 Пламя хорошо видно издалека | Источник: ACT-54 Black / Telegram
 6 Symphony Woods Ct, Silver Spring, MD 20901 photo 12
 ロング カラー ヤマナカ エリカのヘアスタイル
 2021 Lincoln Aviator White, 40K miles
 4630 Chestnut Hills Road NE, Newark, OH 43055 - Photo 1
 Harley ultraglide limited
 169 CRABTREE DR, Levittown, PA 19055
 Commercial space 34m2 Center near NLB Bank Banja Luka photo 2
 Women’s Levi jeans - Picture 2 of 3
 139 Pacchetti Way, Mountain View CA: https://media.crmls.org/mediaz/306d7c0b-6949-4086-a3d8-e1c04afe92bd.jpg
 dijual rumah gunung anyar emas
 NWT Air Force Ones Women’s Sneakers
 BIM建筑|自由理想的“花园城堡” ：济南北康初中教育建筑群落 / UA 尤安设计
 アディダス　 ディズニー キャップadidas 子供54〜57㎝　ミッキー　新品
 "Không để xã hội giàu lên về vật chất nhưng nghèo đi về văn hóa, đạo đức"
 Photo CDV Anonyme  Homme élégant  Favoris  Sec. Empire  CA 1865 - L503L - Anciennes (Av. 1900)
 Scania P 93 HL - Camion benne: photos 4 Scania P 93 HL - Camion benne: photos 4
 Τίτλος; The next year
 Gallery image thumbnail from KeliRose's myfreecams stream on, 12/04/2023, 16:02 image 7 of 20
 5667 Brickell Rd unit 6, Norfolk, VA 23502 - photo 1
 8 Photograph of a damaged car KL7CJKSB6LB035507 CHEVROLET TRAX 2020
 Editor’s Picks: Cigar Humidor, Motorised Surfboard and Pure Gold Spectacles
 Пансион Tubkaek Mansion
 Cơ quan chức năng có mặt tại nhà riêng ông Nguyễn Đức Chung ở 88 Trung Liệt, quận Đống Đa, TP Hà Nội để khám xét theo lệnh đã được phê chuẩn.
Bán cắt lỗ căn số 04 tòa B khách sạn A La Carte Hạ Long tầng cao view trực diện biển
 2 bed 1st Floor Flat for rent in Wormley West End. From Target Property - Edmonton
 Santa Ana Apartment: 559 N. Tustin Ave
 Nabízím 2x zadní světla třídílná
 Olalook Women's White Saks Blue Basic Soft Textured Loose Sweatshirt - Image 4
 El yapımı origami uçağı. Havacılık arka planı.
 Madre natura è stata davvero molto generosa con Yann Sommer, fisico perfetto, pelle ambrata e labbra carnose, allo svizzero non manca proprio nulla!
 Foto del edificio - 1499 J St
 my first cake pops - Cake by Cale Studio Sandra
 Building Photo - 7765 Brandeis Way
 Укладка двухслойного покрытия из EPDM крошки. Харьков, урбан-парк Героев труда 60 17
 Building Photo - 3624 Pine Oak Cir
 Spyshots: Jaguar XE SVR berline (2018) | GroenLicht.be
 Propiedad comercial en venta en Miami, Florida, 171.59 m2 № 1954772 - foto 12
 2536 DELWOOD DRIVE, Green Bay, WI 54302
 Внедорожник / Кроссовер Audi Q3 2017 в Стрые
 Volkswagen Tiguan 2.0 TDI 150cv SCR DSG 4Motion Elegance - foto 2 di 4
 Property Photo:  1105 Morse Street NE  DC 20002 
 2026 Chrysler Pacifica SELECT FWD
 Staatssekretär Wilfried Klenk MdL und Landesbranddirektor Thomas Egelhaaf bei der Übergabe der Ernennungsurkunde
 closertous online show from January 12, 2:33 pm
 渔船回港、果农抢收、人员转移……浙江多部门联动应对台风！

|---|

#### ACTIVITY:
Keep both end lines and retype everything in the records above from the line containing "dijual rumah gunung anyar emas" through the line containing "El yapımı origami", exactly, with nothing else.

#### ANSWER:
 dijual rumah gunung anyar emas
 NWT Air Force Ones Women’s Sneakers
 BIM建筑|自由理想的“花园城堡” ：济南北康初中教育建筑群落 / UA 尤安设计
 アディダス　 ディズニー キャップadidas 子供54〜57㎝　ミッキー　新品
 "Không để xã hội giàu lên về vật chất nhưng nghèo đi về văn hóa, đạo đức"
 Photo CDV Anonyme  Homme élégant  Favoris  Sec. Empire  CA 1865 - L503L - Anciennes (Av. 1900)
 Scania P 93 HL - Camion benne: photos 4 Scania P 93 HL - Camion benne: photos 4
 Τίτλος; The next year
 Gallery image thumbnail from KeliRose's myfreecams stream on, 12/04/2023, 16:02 image 7 of 20
 5667 Brickell Rd unit 6, Norfolk, VA 23502 - photo 1
 8 Photograph of a damaged car KL7CJKSB6LB035507 CHEVROLET TRAX 2020
 Editor’s Picks: Cigar Humidor, Motorised Surfboard and Pure Gold Spectacles
 Пансион Tubkaek Mansion
 Cơ quan chức năng có mặt tại nhà riêng ông Nguyễn Đức Chung ở 88 Trung Liệt, quận Đống Đa, TP Hà Nội để khám xét theo lệnh đã được phê chuẩn.
Bán cắt lỗ căn số 04 tòa B khách sạn A La Carte Hạ Long tầng cao view trực diện biển
 2 bed 1st Floor Flat for rent in Wormley West End. From Target Property - Edmonton
 Santa Ana Apartment: 559 N. Tustin Ave
 Nabízím 2x zadní světla třídílná
 Olalook Women's White Saks Blue Basic Soft Textured Loose Sweatshirt - Image 4
 El yapımı origami uçağı. Havacılık arka planı.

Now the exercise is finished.